AMQConnection.createSession has 3 calls to syncWrite so certainly needs to be wrapped in FailoverSupport. No problem there.

AMQSession.createConsumerImpl/createProducerImpl neither call syncWrite. Unless there is some other important way in which they block, they don't really need to be wrapped in the FailoverSupport. It does no harm however.

The following methods use syncWrite() but are not wrapped in a FailoverSupport:
  AMQSession's commit(), rollback(), close()
  AMQConnection.close() via AMQProtocolHandler.closeConnection()
  BasicMessageConsumer.close()
These need to be protected/wrapped in a FailoverSupport. Note that commit() and rollback() are not currently protected by a lock on failoverMutex either.

Perhaps StateManager.attainState is the only other method that blocks for "a response frame". In this case a series of response frames that result in the state changing. The only use of attainState is in AMQConnection.makeBrokerConnection. It would appear to need to be wrapped in a FailoverSupport as otherwise the FailoverException will escape. Since this is failing-over during connection some care may be required. Note that the makeBrokerConnection is used at 3 different sites.

In addition sendAcknowledgement appear to need to lock the failoverMutex.

-- 
This message is automatically generated by JIRA.
-
If you think it was sent incorrectly contact one of the administrators: http://issues.apache.org/jira/secure/Administrators.jspa
-
For more information on JIRA, see: http://www.atlassian.com/software/jira

        

[jira] Commented: (QPID-144) Potential deadlocks during failover

Posted by "Martin Ritchie (JIRA)" <qp...@incubator.apache.org>.
    [ https://issues.apache.org/jira/browse/QPID-144?page=com.atlassian.jira.plugin.system.issuetabpanels:comment-tabpanel#action_12463500 ] 

Martin Ritchie commented on QPID-144:
-------------------------------------

The initial makeBrokerConnection's lack of FailoverSupport poses a problem during initial connection.

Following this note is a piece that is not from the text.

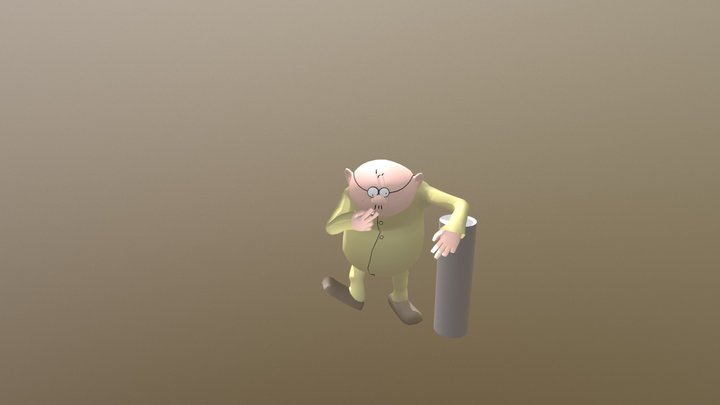 Heimo Poses 3D Model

While the initial connection may fail failover will kick in however depending on thread ordering the initial connection request may have reached the attainState wait method. Which will receive a FailoverException and propogate this to the client as Failover occurs. 

see QPID-272
https://issues.apache.org/jira/browse/QPID-272

> Potential deadlocks during failover
> -----------------------------------
>
>                 Key: QPID-144
>                 URL: https://issues.apache.org/jira/browse/QPID-144
>             Project: Qpid
>          Issue Type: Bug
>          Components: Dot Net Client, Java Client
>            Reporter: Steven Shaw
>
> There's a certain need for "failover safety" in the implemenation of public client api methods. Any method that blocks for a response frame should be wrapped in a FailoverSupport. FailoverSupport automates the retrying after catching a FailoverException (a RuntimeException).
> Methods that block waiting for a response frame are now easier to identify because they all call AMQProtocolHandler.syncWrite() (SyncWrite in the .NET client)
> Currently the only methods employing FailoverSupport are AMQConnection.createSession, AMQSession.createConsumerImpl and createProducerImpl.
> AMQConnection.createSession has 3 calls to syncWrite so certainly needs to be wrapped in FailoverSupport. No problem there.
> AMQSession.createConsumerImpl/createProducerImpl neither call syncWrite. Unless there is some other important way in which they block, they don't really need to be wrapped in the FailoverSupport. It does no harm however.
> The following methods use syncWrite() but are not wrapped in a FailoverSupport:
>   AMQSession's commit(), rollback(), close()
>   AMQConnection.close() via AMQProtocolHandler.closeConnection()
>   BasicMessageConsumer.close()
> These need to be protected/wrapped in a FailoverSupport. Note that commit() and rollback() are not currently protected by a lock on failoverMutex either.
> Perhaps StateManager.attainState is the only other method that blocks for "a response frame". In this case a series of response frames that result in the state changing. The only use of attainState is in AMQConnection.makeBrokerConnection. It would appear to need to be wrapped in a FailoverSupport as otherwise the FailoverException will escape. Since this is failing-over during connection some care may be required. Note that the makeBrokerConnection is used at 3 different sites.
> In addition sendAcknowledgement appear to need to lock the failoverMutex.

-- 
This message is automatically generated by JIRA.
-
If you think it was sent incorrectly contact one of the administrators: https://issues.apache.org/jira/secure/Administrators.jspa
-
For more information on JIRA, see: http://www.atlassian.com/software/jira

        

[jira] Commented: (QPID-144) Potential deadlocks during failover

Posted by "Martin Ritchie (JIRA)" <qp...@incubator.apache.org>.
    [ http://issues.apache.org/jira/browse/QPID-144?page=comments#action_12454877 ] 
            
Martin Ritchie commented on QPID-144:
-------------------------------------

WRT: makeBrokerConnection 

The makeBrokerConnection does indeed pose a problem with failover but not on its own. The use of makeBrokerConnection will start the connection process that if it fails will cause the Failover Thread to handle connection. As can be seen in the AMQConnection constructor the majority of the method needs to be moved in to a connect() method as it lets the failover mechanism handle the failover issue.  (It does need to be improved as commented in a //todo there is a Thread.sleep loop that could be replaced with a wait() notify() mechanism.) 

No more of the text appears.